Lets see... my last week has been occupied with snot removal - I have developed a technique that I think is very effective, and should probably be studied and emulated worldwide. I squeeze the snot sucker, stick it in, and then as it is doing it's job I give it a little wiggle back and forth, up and down, and skippy-do - out come the boogies. Yes, my son has been sick with one of those nasty colds that makes his upper lip shiny and his little voice sound funny. I feel bad for the poor guy, he keeps pointing at his nose and grunting - since he is basically a cave man with only slighty better language comprehension skills - and getting angry when I don't do my signature move w/ the snot sucker. He's been keeping me on my toes lately, Alex has...
we got him this tricycle that I had been obsessing over for months, and I swear he feels like King Shit when he is being pushed around on it. He grips the handle bars with panache, occasionally leans over with his elbow on the back of the seat and twists around and looks at us, as if to say 'faster, Jeeves, I have an appointment to keep'. He surveys those he passes with a slightly mocking look on his face, obviously feeling superior compared to all the second-rate means of transportation he sees passing him. He screeches here and there with glee, it pops out before he can catch it and totally ruins the 'I'm too cool for school' thing he has going.
I want to get an alarm for this thing. I want to put it on our car insurance policy. I want to get the optional basket that hangs on the handle bars (even though there is this super cool dump thing in the back) and I want to get the little bell so he can announce his arrival to his loyal subjects. This tricycle is better - so much better - than my first car.
Ahhh - my first car. The jeuvo. It was a manilla folder colored - or egg colored, depending on the observer and the light source, hence 'juevo' - 1983 Nissan Sentra. That car was a flaming piece of shit, and was a constant source of embarassment. Of course it got me from point A to point B - with no style at all I might add - for a couple of years, so that part was cool. The tape deck that sat on the floor and was connected to the dashboard by a single wire - not cool. The uncomfortable ass melt your skin ripped naugahyde upholstery - not cool at all. The color - not fucking cool. And you know the most ironic part? My first 'real' car that I got, a Blazer that I paid $223 a month for for 4 years, was the same goddamned color. I didn't pick it, just so you know - it was one of those things that sort of fell into my lap. I sure as shit would not have picked ANOTHER car of that pus-color putridness. Anyway, the Sentra... I maxed out my mother's AAA card with that thing, they actually refused to come.
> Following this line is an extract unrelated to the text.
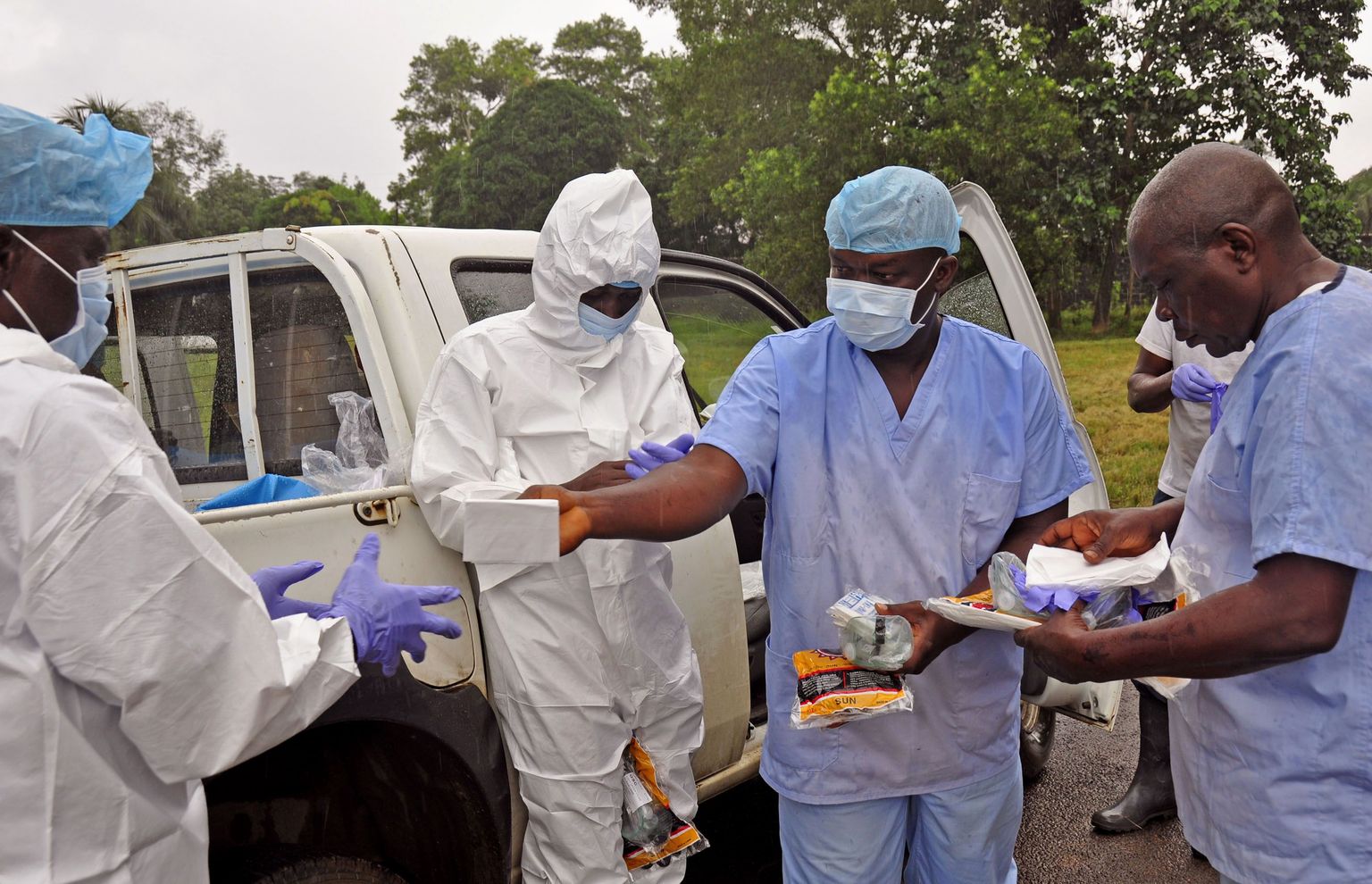 Ebola haigetega tegelevad Libeeria arstid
The driver's side windshield wiper would fly off when the wipers were on high - and naturally, when your wipers are on high is when you really need them the most. I drove home from college for winter break during a blizzard, with my arm out the drivers window wiping the windshield every 15 seconds with a squeegee I stole from a gas station somewhere on the turnpike. I think I twitched for 2 hours after I got home, I was so tense. I had to have the heat on high all the time, or the damn thing would overheat the second the speed dropped below 25 mph.
Anyway, what was I talking about... oh yeah, nothing in particular. Business as usual.
I won't forget you again Blog, I promise.

Tuesday, April 8, 2008

Oh, so I was at the playground (another in the f*ck post saga, I'm crabby)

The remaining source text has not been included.